Thursday, January 29, 2009

George Soros assesses the Financial sector meltdown

I don’t like or agree with Soros, but I thought this was revealing:


In the past, whenever the financial system came close to a breakdown, the authorities rode to the rescue and prevented it from going over the brink. That is what I expected in 2008 but that is not what happened. On Monday September 15, Lehman Brothers, the US investment bank, was allowed to go into bankruptcy without proper preparation. It was a game-changing event with catastrophic consequences.

For a start, the price of credit default swaps, a form of insurance against companies defaulting on debt, went through the roof as investors took cover. AIG, the insurance giant, was carrying a large short position in CDS and faced imminent default. By the next day Hank Paulson, then US Treasury secretary, had to reverse himself and come to the rescue of AIG.

But worse was to come. Lehman was one of the main market-makers in commercial paper and a large issuer of these short-term obligations to boot. Reserve Primary, an independent money market fund, held Lehman paper and, since it had no deep pocket to turn to, it had to “break the buck” – stop redeeming its shares at par. That caused panic among depositors: by Thursday a run on money market funds was in full swing.

The panic then spread to the stock market. The financial system suffered cardiac arrest and had to be put on artificial life support.

How could Lehman have been left to go under? The responsibility lies squarely with the financial authorities, notably the Treasury and the Federal Reserve. The claim that they lacked the necessary legal powers is a lame excuse. In an emergency they could and should have done whatever was necessary to prevent the system from collapsing. That is what they have done on other occasions.
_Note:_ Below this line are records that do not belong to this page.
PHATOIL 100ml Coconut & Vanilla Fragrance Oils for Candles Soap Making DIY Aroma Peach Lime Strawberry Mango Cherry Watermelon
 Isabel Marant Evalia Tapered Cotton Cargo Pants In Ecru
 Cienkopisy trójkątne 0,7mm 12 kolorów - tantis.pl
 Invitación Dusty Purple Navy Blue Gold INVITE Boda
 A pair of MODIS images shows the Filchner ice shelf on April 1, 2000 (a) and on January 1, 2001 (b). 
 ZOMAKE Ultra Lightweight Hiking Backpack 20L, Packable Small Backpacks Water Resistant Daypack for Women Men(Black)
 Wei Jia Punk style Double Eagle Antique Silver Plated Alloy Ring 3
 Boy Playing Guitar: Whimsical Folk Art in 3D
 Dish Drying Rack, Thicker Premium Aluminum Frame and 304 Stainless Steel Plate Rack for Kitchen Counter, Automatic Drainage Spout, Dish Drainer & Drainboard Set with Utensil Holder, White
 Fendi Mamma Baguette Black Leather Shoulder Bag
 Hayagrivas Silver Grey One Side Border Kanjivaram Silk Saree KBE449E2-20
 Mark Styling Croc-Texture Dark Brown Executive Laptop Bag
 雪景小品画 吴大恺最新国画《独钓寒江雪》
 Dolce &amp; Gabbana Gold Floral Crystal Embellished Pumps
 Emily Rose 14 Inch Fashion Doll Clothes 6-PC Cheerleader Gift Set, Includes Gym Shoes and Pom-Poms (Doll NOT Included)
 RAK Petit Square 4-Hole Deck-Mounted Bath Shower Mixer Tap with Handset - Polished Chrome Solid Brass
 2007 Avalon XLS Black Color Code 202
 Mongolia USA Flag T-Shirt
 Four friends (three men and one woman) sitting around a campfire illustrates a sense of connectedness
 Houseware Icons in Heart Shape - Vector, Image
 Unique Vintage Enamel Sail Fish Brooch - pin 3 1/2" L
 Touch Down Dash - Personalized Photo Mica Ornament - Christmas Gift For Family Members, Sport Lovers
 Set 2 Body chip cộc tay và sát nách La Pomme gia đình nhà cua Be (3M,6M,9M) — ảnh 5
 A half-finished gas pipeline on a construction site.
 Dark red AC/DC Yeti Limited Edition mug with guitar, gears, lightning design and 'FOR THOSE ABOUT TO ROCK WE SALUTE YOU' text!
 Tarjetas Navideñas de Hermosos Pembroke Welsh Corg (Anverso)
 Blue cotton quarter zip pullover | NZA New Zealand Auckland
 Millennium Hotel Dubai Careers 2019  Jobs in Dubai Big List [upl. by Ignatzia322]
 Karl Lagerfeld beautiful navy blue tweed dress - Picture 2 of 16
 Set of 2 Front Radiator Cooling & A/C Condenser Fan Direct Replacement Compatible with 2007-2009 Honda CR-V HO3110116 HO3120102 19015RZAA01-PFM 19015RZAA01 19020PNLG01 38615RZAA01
The fact is, they allowed it to happen.


I don’t think Timothy Geithner is a wunderkind.  I think he is directly responsible for this mess and he is being billed as some type of boy genius that will now save the day.  Here is what his wikipedia page says about it: he is believed to have played a pivotal role in both the decision to bail out AIG as well as the government decision not to save Lehman Brothers from bankruptcy.”

Plus, he is a tax cheat.

So I’ll use the Soros assessment that the Lehman bankruptcy was the catalyst and I say that Geithner was instrumental in that.  Why do we think the same people that got us into the mess will be the ones that can get us out?